Regex Pattern for Common Secrets

This pattern matches common secret and API key variable names in source code:

(access_key|access_token|admin_pass|admin_user|algolia_admin_key|algolia_api_key|
alias_pass|alicloud_access_key|amazon_secret_access_key|amazonaws|ansible_vault_password|
api_key|api_key_secret|api_secret|appkey|appkeysecret|application_key|appsecret|
auth_token|authorizationToken|aws_access_key_id|aws_secret|aws_secret_key|
aws_token|AWSSecretKey|client_secret|cloudflare_api_key|cloudflare_auth_key|
database_password|db_password|docker_pass|encryption_key|heroku_api_key|
sonatype_password|awssecretkey)

BigQuery — Search GitHub for Secrets

GitHub publishes a public dataset to BigQuery. Use it to search for hardcoded secrets in public repos:

SELECT path
FROM `bigquery-public-data.github_repos.contents` AS contents
JOIN `bigquery-public-data.github_repos.files` AS files
  ON files.id = contents.id
WHERE REGEXP_CONTAINS(content, r"PATTERN_HERE")

Replace PATTERN_HERE with the secret pattern you are looking for.

URL and Path Analysis

Extract Unique Paths from a URL List

# Extract repo owner/name from GitHub URLs, remove query strings, deduplicate
cut -d '/' -f 4,5 < urls.txt | sed 's/?.*//g' | sort -u

Parse URL Paths with unfurl

# Print each path component on its own line
unfurl paths < urls.txt | tr '/' '\n' | sort -u

# Alternative with sed
sed 's#/#\n#g' paths.txt | sort -u

Web Endpoint Fuzzing with curl

Sequential URL Fuzzing

# Fetch URLs numbered 0 to 10, save each response to out/post_X.txt
curl --silent --fail "https://example.com/[0-10]" -o "out/post_#1.txt"

# Print URL and status code for each
curl -s -w '%{url} %{http_code}\n' https://example.com/[0-10] -o /dev/null

# Filter for successful responses
curl -s -w '%{url} %{http_code}\n' https://example.com/[0-10] -o /dev/null | grep 200

# Filter out 404s
curl -s -w '%{url} %{http_code}\n' https://example.com/[0-10] -o /dev/null | grep -v 404

Directory Fuzzing

# ffuf — fast web fuzzer
ffuf -w /usr/share/wordlists/dirb/common.txt -u https://target.com/FUZZ

# With extension filtering
ffuf -w wordlist.txt -u https://target.com/FUZZ -e .php,.html,.txt

# Parameter fuzzing
ffuf -w params.txt -u "https://target.com/search?FUZZ=test"
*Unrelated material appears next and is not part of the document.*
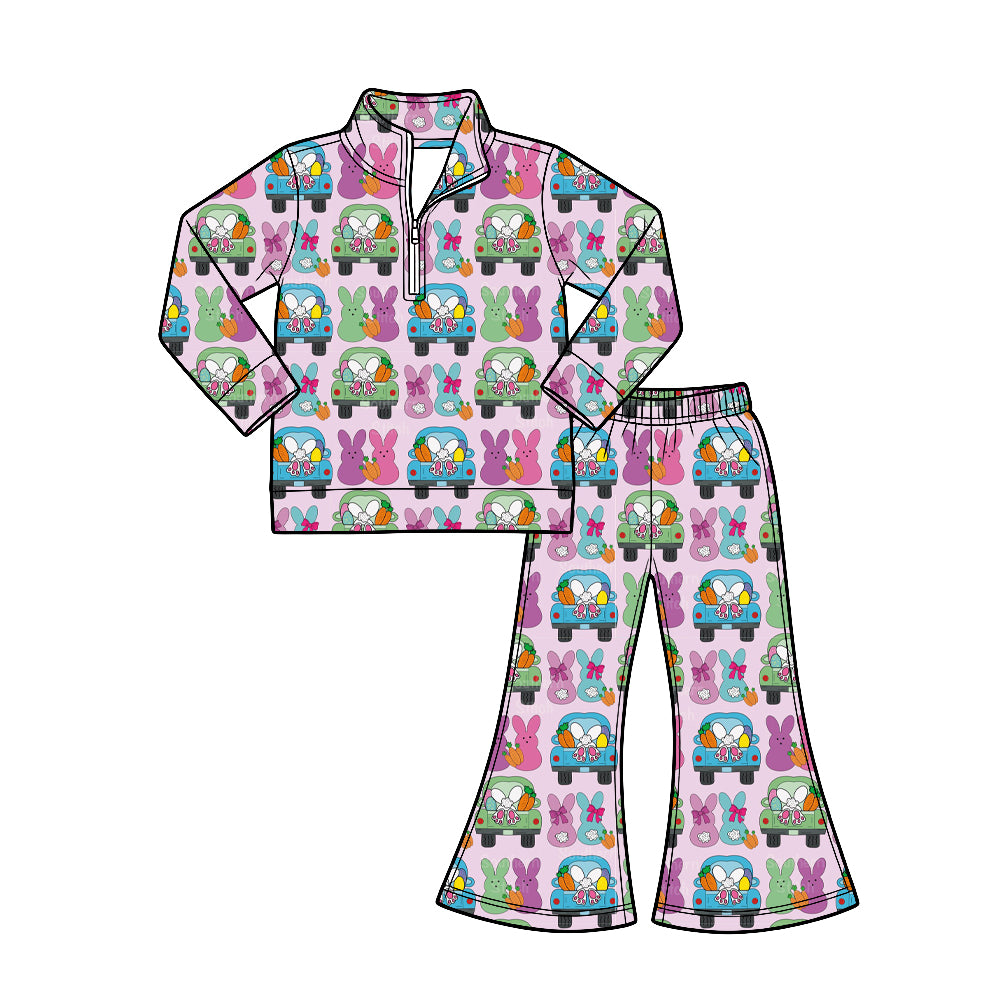 Preorder (moq 5) Girl Clothes Easter Bunny Truck Print Long‑sleeve Quarter Zip Top Flare Pants Set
JavaScript Endpoint Discovery

Modern web apps expose endpoints through JavaScript files. Parse them to find hidden APIs:

# Download all JS files
gau target.com | grep "\.js$" | sort -u | xargs -I{} curl -s {} > all.js

# Extract endpoints from JS
grep -oP '(/api/[a-zA-Z0-9/_-]+)' all.js | sort -u

# Use jsluice
jsluice urls -r < all.js